→ **Try it**
Return the run of lines below that opens with the line containing "For Sale: $255,000" and closes with the line containing "Property at Letchworth Road, Luton", keeping each one exact.

Content starts

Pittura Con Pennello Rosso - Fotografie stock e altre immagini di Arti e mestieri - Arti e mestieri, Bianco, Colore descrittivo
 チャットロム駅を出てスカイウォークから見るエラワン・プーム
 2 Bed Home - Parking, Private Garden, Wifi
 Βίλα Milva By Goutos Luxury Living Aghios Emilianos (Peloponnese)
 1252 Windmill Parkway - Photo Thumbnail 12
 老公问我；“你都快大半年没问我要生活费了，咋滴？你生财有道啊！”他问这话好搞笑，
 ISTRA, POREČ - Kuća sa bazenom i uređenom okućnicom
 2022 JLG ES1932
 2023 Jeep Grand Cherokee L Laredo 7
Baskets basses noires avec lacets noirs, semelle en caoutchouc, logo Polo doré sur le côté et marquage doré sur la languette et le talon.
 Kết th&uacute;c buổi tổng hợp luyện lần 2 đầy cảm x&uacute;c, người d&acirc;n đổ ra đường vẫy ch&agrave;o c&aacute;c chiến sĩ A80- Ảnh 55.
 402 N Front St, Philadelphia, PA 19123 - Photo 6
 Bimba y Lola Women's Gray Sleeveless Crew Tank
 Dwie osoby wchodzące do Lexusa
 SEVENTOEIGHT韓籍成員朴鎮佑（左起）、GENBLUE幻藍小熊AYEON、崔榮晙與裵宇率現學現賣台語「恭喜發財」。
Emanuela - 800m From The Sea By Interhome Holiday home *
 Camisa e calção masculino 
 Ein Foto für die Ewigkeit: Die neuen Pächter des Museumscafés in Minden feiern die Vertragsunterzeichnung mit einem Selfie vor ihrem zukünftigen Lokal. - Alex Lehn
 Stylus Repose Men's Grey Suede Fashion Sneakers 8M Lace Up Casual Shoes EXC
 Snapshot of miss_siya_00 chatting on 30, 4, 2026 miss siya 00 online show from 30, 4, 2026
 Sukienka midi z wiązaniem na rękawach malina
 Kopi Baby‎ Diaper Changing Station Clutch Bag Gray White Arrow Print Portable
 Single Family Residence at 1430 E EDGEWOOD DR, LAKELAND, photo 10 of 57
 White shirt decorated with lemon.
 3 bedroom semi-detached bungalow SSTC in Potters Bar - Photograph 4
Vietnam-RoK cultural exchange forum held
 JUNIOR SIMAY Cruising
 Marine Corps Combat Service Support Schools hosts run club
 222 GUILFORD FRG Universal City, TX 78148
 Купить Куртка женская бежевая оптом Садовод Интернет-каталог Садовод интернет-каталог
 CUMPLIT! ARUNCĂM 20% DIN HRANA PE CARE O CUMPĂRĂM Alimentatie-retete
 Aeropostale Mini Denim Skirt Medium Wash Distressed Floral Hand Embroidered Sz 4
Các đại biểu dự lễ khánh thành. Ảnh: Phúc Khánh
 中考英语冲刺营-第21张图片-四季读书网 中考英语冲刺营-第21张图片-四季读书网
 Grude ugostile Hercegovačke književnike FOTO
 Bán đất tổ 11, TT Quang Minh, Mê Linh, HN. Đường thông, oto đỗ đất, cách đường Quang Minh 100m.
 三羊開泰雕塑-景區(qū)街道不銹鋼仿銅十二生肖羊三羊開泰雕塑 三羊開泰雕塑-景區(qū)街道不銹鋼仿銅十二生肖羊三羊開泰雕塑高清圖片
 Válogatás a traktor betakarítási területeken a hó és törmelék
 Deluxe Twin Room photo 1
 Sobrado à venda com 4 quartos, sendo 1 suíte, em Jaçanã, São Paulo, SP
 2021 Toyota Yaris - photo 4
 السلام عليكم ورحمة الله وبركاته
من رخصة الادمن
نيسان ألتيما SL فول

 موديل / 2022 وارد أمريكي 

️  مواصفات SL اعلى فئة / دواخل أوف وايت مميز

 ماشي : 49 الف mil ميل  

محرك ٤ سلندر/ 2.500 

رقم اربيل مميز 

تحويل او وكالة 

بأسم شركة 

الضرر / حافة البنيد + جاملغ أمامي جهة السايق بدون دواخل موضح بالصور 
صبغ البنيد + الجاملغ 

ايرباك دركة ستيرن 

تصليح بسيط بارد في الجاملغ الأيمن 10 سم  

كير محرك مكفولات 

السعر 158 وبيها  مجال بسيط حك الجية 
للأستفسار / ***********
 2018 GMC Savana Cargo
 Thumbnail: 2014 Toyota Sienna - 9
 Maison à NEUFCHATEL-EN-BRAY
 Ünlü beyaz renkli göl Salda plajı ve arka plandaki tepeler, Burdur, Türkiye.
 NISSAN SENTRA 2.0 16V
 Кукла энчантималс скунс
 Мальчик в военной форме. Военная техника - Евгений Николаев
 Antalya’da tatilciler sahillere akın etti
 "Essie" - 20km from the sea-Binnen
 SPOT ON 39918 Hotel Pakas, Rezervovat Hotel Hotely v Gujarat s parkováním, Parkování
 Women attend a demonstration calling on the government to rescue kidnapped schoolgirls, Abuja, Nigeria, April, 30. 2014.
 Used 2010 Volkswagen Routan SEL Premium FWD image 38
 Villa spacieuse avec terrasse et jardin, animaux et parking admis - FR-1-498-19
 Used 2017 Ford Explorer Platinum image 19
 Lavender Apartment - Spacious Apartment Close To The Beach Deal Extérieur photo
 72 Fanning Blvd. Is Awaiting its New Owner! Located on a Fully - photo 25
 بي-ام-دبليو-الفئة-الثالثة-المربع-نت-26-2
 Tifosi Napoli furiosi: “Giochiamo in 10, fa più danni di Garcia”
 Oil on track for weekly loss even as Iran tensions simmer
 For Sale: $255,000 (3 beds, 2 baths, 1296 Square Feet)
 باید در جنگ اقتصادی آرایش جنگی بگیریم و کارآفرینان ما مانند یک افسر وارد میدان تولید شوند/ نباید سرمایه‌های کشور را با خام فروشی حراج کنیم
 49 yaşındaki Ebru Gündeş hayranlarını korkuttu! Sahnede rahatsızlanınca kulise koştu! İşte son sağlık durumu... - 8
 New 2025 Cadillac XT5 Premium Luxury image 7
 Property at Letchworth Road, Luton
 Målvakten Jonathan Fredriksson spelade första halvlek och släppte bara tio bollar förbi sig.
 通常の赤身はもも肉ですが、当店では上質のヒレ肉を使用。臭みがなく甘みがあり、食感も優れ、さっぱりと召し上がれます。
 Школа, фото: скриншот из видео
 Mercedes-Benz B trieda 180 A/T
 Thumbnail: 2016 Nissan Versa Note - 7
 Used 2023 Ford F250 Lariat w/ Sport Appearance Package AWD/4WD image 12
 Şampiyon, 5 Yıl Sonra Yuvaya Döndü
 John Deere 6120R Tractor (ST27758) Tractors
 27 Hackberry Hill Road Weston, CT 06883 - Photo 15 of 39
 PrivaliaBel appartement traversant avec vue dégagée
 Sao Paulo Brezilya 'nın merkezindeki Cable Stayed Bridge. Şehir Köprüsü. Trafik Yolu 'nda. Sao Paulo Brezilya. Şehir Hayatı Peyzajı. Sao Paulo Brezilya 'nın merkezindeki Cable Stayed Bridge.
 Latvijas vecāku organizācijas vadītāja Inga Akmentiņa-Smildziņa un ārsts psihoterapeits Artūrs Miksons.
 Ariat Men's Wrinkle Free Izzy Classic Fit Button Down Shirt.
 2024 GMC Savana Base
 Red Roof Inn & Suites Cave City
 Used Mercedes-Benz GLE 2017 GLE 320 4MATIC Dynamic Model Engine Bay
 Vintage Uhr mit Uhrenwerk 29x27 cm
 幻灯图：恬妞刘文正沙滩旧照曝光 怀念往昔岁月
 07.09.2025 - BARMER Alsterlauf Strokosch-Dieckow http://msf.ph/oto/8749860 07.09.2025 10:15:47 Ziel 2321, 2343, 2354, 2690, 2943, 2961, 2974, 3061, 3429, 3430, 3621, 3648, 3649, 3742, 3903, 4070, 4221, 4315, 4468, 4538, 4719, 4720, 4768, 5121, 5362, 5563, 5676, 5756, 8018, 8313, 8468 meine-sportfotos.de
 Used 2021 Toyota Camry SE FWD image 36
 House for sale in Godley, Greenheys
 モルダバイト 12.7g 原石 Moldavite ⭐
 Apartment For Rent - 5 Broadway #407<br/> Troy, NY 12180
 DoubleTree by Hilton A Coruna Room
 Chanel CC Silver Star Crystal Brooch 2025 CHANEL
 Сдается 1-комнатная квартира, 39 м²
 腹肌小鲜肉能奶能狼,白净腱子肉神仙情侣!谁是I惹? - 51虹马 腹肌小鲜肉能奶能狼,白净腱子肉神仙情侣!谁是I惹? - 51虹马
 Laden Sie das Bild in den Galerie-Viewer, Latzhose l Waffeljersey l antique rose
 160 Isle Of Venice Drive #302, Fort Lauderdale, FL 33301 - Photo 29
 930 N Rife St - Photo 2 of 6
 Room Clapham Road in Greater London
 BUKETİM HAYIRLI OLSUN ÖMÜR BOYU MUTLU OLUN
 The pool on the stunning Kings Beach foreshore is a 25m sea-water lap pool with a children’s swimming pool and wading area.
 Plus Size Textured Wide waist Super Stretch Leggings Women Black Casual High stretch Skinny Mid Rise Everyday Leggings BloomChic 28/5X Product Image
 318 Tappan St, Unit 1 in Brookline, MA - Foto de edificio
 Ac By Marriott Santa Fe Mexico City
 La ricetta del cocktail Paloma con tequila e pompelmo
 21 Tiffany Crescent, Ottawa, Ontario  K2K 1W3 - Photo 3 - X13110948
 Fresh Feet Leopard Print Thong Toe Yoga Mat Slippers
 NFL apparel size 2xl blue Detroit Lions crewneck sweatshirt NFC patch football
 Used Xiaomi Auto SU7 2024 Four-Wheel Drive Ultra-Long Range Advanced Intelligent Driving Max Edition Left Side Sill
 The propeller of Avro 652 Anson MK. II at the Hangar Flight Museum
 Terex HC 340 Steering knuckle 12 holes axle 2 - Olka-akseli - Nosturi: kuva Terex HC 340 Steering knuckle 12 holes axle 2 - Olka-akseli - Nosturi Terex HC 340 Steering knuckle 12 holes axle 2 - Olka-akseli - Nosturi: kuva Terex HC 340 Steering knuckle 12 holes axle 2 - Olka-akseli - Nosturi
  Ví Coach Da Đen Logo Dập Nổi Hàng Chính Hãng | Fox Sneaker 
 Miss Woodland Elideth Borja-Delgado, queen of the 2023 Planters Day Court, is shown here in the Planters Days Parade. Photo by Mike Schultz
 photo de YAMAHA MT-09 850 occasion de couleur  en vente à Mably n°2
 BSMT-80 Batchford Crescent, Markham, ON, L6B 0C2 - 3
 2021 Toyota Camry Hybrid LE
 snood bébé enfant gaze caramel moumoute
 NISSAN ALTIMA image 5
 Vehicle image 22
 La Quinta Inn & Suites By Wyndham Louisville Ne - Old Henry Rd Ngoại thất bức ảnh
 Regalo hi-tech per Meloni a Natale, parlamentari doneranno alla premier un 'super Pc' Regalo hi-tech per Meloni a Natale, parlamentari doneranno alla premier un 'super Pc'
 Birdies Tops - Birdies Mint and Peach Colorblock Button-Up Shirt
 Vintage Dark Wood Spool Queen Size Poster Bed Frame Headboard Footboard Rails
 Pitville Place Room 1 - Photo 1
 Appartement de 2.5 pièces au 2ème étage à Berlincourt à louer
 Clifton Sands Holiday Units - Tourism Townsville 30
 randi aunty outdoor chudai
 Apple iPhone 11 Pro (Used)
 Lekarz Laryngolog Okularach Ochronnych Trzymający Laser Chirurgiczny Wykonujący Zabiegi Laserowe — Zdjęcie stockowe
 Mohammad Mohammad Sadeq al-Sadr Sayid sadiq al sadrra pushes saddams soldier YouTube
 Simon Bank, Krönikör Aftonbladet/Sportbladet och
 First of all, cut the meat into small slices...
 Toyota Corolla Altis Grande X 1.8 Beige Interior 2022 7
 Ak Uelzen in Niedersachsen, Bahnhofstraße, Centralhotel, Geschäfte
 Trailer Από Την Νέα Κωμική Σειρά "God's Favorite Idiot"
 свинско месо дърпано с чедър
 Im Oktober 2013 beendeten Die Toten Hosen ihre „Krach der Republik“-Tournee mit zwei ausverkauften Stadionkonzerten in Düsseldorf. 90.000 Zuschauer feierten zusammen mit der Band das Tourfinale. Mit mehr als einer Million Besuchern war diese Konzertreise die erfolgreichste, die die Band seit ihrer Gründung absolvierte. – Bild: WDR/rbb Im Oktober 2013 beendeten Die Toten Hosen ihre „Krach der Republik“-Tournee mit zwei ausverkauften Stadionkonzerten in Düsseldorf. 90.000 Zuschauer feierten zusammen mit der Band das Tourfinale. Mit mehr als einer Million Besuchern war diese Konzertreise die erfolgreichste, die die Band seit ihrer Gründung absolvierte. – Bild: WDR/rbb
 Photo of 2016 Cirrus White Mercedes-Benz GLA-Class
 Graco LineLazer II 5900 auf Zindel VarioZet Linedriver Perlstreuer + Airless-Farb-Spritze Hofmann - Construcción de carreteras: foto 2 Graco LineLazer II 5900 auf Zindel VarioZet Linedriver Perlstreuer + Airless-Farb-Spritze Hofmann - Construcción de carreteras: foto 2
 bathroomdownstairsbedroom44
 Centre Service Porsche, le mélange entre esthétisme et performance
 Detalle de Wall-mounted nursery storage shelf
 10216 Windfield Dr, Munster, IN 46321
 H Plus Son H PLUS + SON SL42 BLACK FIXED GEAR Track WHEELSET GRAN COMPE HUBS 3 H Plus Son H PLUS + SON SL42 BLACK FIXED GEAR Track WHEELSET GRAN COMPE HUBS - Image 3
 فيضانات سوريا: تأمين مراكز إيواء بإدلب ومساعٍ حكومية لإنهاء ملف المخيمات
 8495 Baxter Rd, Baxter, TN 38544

Content ends

→ **Solution for this task**
 For Sale: $255,000 (3 beds, 2 baths, 1296 Square Feet)
 باید در جنگ اقتصادی آرایش جنگی بگیریم و کارآفرینان ما مانند یک افسر وارد میدان تولید شوند/ نباید سرمایه‌های کشور را با خام فروشی حراج کنیم
 49 yaşındaki Ebru Gündeş hayranlarını korkuttu! Sahnede rahatsızlanınca kulise koştu! İşte son sağlık durumu... - 8
 New 2025 Cadillac XT5 Premium Luxury image 7
 Property at Letchworth Road, Luton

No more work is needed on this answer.